#### TASK TO COMPLETE:
Unless a line falls after the one with "HOPOW 2 Prong", retype it exactly from the records below; leave out all pictures.

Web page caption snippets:
....................

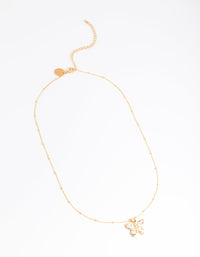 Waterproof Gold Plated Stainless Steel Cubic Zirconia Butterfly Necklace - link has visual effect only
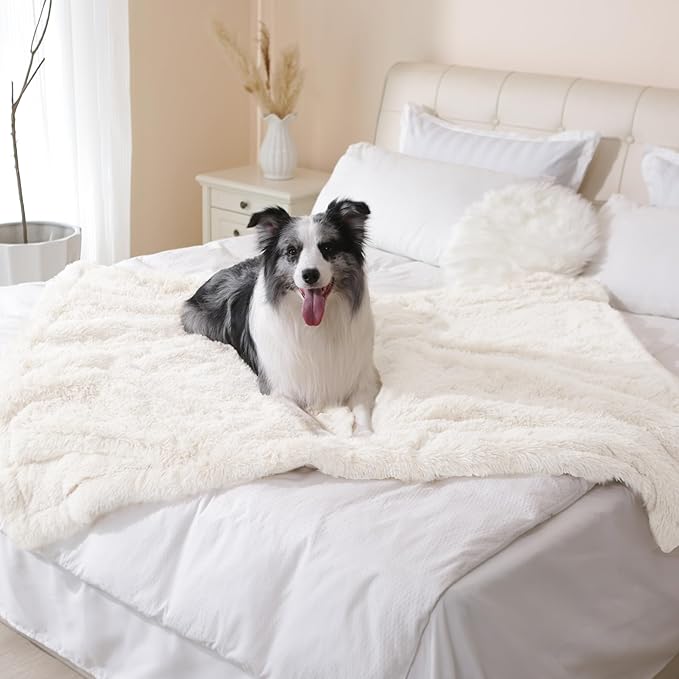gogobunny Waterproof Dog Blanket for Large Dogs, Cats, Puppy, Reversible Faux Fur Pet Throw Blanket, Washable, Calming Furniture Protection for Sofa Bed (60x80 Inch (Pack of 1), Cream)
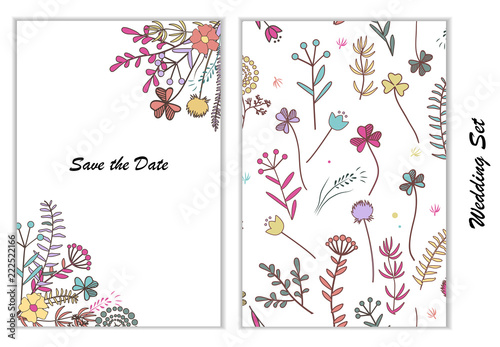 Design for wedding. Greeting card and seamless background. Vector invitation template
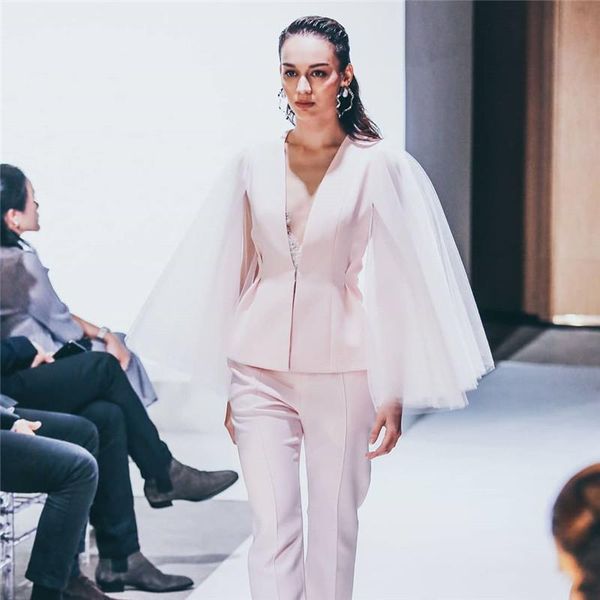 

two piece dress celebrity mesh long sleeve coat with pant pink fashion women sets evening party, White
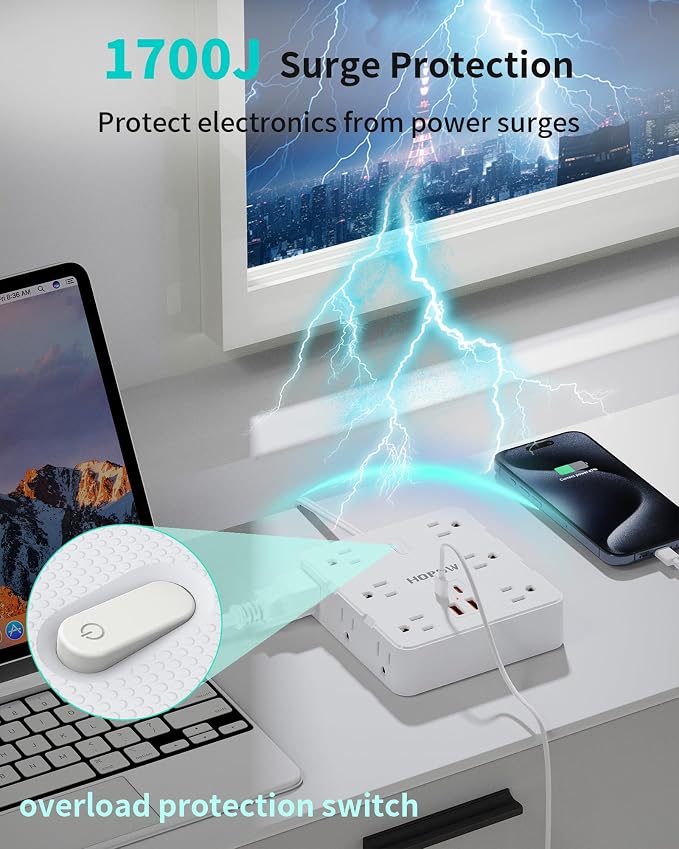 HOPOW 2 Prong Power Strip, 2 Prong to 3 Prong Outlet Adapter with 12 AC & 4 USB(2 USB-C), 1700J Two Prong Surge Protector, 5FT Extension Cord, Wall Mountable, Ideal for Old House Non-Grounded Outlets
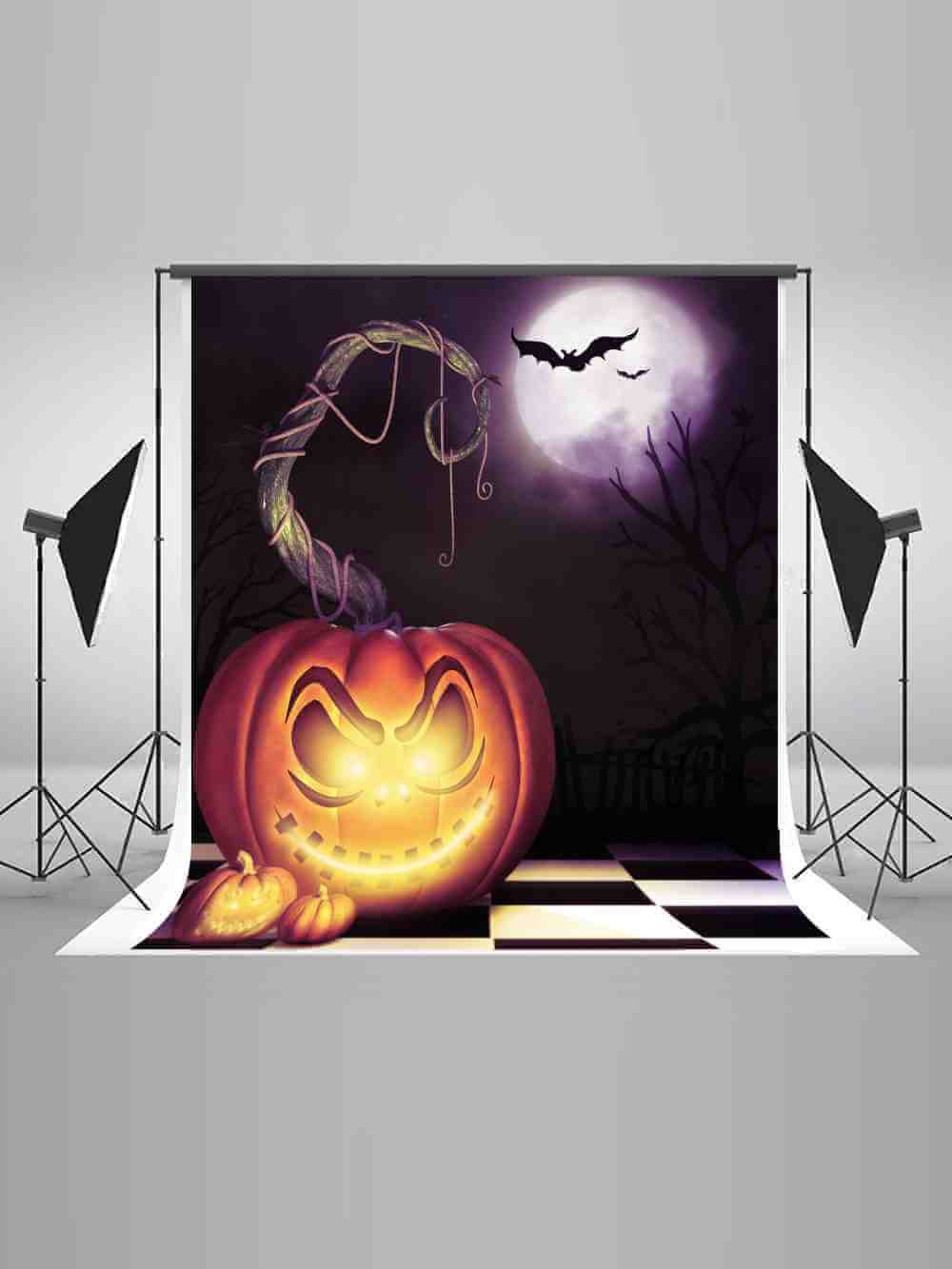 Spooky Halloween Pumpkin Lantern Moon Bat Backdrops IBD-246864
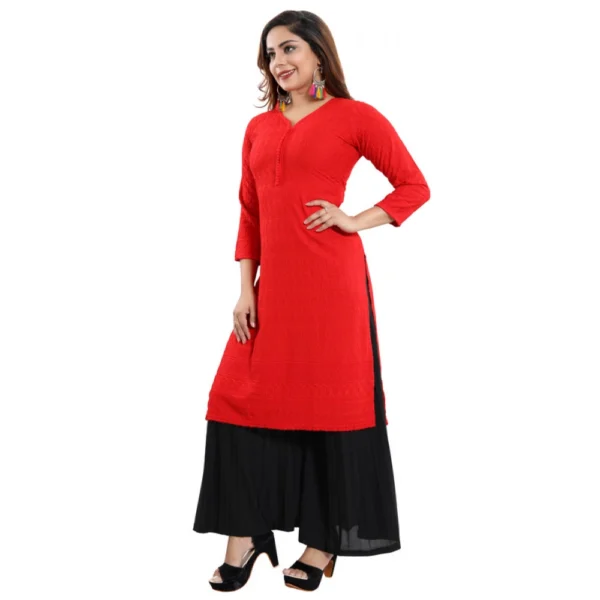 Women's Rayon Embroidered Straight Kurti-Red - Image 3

....................

#### REPLY TO THE TASK:
 Waterproof Gold Plated Stainless Steel Cubic Zirconia Butterfly Necklace - link has visual effect only
gogobunny Waterproof Dog Blanket for Large Dogs, Cats, Puppy, Reversible Faux Fur Pet Throw Blanket, Washable, Calming Furniture Protection for Sofa Bed (60x80 Inch (Pack of 1), Cream)
 Design for wedding. Greeting card and seamless background. Vector invitation template

two piece dress celebrity mesh long sleeve coat with pant pink fashion women sets evening party, White
 HOPOW 2 Prong Power Strip, 2 Prong to 3 Prong Outlet Adapter with 12 AC & 4 USB(2 USB-C), 1700J Two Prong Surge Protector, 5FT Extension Cord, Wall Mountable, Ideal for Old House Non-Grounded Outlets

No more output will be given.